Sperat et in saeva victus gladiator arena,

sit licet infesto pollice turba minax.[476]

Todo lo puede esperar el hombre mientras vive, dice una sentencia antigua. «En efecto, repone Séneca; ¿mas por qué he de pensar yo que la fortuna todo lo puede para el que está vivo y no que la misma diosa inconstante nada puede contra quien sabe morir? Conocido es el caso de Josefo, quien hallándose en inminente peligro por haberse levantado contra él todo un pueblo, no podía, racionalmente pensando, tener ninguna esperanza de salvación; aconsejado por alguno de sus amigos a buscar la muerte, siguió el prudente camino de obstinarse en la esperanza hasta el último momento, contra toda previsión humana, la fortuna cambió de faz y Josefo se vio salvo sin experimentar ningún daño. Por el contrario, Casio y Bruto acabaron de perder los últimos restos de la libertad romana, de la cual eran los defensores, por la precipitación y temeridad con que se dieron muerte, sin aguardar la ocasión irremediable de hacerlo.
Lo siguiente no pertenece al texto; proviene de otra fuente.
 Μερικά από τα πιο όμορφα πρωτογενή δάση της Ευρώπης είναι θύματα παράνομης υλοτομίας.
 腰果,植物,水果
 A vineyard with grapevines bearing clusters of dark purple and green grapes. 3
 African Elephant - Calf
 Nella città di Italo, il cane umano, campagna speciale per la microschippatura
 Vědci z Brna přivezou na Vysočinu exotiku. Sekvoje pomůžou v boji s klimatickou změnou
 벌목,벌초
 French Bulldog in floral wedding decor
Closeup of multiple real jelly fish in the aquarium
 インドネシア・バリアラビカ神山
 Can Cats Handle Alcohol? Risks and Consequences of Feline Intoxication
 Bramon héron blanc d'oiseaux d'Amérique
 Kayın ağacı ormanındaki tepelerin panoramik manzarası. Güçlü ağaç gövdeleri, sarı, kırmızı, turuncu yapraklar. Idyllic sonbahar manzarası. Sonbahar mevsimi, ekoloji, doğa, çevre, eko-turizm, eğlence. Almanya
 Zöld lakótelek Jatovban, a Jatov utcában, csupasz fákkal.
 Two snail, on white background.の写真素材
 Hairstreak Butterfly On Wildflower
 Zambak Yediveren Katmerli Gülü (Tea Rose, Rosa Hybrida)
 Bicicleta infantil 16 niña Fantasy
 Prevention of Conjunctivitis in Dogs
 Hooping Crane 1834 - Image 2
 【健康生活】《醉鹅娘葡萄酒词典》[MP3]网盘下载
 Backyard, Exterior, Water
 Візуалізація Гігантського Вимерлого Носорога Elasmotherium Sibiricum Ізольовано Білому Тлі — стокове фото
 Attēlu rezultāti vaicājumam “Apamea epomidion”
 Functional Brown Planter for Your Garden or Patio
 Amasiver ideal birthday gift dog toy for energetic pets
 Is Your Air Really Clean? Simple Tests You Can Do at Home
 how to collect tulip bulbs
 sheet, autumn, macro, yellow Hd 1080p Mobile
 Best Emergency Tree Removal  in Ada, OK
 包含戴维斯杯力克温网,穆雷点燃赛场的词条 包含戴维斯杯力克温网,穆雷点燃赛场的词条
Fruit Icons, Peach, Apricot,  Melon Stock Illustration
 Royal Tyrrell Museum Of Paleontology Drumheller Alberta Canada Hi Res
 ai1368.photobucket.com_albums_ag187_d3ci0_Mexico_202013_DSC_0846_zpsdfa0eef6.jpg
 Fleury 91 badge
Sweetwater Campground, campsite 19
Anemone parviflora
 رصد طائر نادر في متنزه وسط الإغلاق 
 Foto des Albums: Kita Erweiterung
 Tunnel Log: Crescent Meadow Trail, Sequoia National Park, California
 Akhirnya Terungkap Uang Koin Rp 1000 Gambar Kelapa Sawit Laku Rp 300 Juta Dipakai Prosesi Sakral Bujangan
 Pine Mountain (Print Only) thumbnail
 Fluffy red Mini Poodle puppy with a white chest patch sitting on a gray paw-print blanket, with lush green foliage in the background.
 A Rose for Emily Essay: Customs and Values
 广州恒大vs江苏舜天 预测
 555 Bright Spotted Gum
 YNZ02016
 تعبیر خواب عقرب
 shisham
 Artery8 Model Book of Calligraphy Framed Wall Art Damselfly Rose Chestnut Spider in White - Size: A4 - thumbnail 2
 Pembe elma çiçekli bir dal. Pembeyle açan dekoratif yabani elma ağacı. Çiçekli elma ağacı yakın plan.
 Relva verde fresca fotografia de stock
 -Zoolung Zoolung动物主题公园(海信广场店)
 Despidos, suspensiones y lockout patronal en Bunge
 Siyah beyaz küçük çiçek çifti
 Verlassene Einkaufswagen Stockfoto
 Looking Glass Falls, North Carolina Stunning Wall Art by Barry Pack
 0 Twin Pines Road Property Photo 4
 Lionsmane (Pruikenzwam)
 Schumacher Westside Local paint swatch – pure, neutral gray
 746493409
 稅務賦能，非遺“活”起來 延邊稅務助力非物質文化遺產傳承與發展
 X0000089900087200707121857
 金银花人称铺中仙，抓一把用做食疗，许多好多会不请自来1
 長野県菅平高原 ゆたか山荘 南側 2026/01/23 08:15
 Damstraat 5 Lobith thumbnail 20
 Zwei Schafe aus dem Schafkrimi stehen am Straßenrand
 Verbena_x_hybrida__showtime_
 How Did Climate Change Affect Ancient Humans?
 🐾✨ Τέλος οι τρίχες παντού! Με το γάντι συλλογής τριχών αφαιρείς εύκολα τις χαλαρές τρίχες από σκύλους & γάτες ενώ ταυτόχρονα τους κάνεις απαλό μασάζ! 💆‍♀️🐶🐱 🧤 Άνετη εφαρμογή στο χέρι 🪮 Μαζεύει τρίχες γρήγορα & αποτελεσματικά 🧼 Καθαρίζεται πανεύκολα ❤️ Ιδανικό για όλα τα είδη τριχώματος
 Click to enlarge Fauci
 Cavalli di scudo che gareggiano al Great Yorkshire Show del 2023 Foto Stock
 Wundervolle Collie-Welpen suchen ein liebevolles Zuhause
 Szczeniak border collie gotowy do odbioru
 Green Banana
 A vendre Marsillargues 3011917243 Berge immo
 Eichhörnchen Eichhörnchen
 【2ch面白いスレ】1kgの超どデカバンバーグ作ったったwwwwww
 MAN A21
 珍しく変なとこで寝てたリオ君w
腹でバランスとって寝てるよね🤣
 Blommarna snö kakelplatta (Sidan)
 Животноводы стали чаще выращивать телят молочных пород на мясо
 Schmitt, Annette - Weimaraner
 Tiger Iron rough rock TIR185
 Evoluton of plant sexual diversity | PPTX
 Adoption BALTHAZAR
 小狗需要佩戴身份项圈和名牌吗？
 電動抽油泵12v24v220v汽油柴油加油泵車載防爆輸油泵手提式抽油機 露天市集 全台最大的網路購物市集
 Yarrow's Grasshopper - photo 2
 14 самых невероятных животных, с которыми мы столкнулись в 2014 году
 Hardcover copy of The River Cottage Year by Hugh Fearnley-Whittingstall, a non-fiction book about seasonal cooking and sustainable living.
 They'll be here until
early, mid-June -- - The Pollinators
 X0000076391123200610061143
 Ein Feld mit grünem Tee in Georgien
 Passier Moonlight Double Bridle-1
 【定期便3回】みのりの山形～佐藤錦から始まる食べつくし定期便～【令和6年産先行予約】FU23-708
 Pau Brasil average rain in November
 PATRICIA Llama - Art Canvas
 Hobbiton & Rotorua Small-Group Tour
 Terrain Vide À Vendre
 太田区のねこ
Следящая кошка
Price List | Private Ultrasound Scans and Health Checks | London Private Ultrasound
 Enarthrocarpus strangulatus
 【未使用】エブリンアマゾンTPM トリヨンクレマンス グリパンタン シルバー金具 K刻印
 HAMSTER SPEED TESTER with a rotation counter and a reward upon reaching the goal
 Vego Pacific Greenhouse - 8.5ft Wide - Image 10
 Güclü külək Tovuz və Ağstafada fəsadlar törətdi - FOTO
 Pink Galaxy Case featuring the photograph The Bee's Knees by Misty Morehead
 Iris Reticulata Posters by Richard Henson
En la batalla de Cerisole el señor de Enghien intentó dos veces degollarse desesperado por la fortuna que tuvo en el combate, que fue desastrosa en el lugar que mandaba, y por precipitación estuvo a punto de privarse del placer de una tan hermosa victoria como alcanzó después. Yo he visto cien liebres escapar de entre los dientes de los lebreles. Aliquis carnifici suo superstes fuit[477].

Multa dies, variusque labor mutabillis aevi

rettulit in melius; multos alterna revisens

lusit, et in solido rursus fortuna locavit.[478]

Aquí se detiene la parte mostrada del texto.